Hidden Gems of the Mundane

We encounter litter on a regular basis, but to most passersby these discarded, ordinary objects do not play a role in their daily life. Nowadays we are always rushing, too busy to really pick up on our surroundings. However, I feel the need to pay attention to that which otherwise goes unnoticed—it becomes a (re)source of inspiration and the subject of my work. The city in particular seems to act thought-provoking as the innumerable lives and dwellings within it make time shift and bend in unpredictable ways. Everything within the cityscape seems to be connected, nothing possesses a single or exclusive life.  

Hidden Gems Of The Mundane is an ongoing series about my fascination for everyday objects, and how people consume, accumulate and reject them. Like a modern day Flâneur, I stroll and explore the urban landscape without a planned route or particular destination. Using my camera to break down the city’s surface, I enter a world inside the world that we see, like a parallel universe where one man’s trash becomes another man’s treasure (quite literally). 

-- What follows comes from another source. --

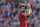 Liverpool's Egyptian midfielder Mohamed Salah applauds fans as he is substituted during the English Premier League football match between Liverpool and Brighton and Hove Albion at Anfield in Liverpool, north west England on May 13, 2018. (Photo by Paul ELLIS / AFP) / RESTRICTED TO EDITORIAL USE. No use with unauthorized audio, video, data, fixture lists, club/league logos or 'live' services. Online in-match use limited to 75 images, no video emulation. No use in betting, games or single club/league/player publications. /         (Photo credit should read PAUL ELLIS/AFP/Getty Images)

These are observational images of ordinary items I find on the streets, that have all sat undisturbed, waiting to be collected or photographed. There is a sense of history to the objects in that they evoke memories and associations through visible evidence: signs of love, abuse and neglect. You can see the state of these objects and debris as demonstrative of our consumption patterns and the continually transforming relationship between humans and their environment.

The simple paradox of photographing something that is typically considered ugly, useless, unappealing and dirty, challenges me to think and look afresh. I ponder and speculate about the stories behind my encounters. Who did this item belong to? I try to put a face and name to something inanimate as the search for a thing and the search for a person seems inseparable. How did it end up here and what might happen to it after I have taken a picture? I can’t preserve these objects, but I can capture them — and the effects of time in a sense — before they disappear, which can happen at any moment. 

The will to catalogue has proliferated in a literal sense with inventories of all kinds of random found items, as if preparing documents for a book that describes every little aspect and fragment of the world. And yet in these accumulations of things, I am not assembling anything that amounts to proof. Rather, archiving and collecting is a kind of compulsive activity that I cannot suppress. 

In an to attempt capture the atmosphere and physical properties, documenting my findings in a way that calls attention to their aesthetic qualities, I do not move or position anything, I simply record these items as I find them. 

With these images I aim to bring out the visible details and traces of everyday life - the impact of humans on their surroundings. Though these images are simply a presentation of my own playful observations, on another level, the work allows us to look beyond our presumed ideas of value and utility and to reflect on our ecological footprint. Ultimately, these photographs outline a particular exercise of seeing and thinking which I intent to share with others: to become more aware of what is already there. Once you tune into this sort of thoughtless act, you start observing the world very differently.

I am interested in how items move through categories of in-use, rubbish, recycled and re-used. Though artificial objects appear to be in an unchanging, fixed state, in actuality, as is true with nature, they are in stages of transformation and decomposition. The degradation of man-made materials is a much more time consuming process. This occasionally generates stark contrasts within the natural and urban landscape, but the lines between the two have blurred increasingly. More than ever are we becoming accustomed to seeing waste. Like a soldier in camouflage or a chameleon during times of distress, it blends in with its surroundings.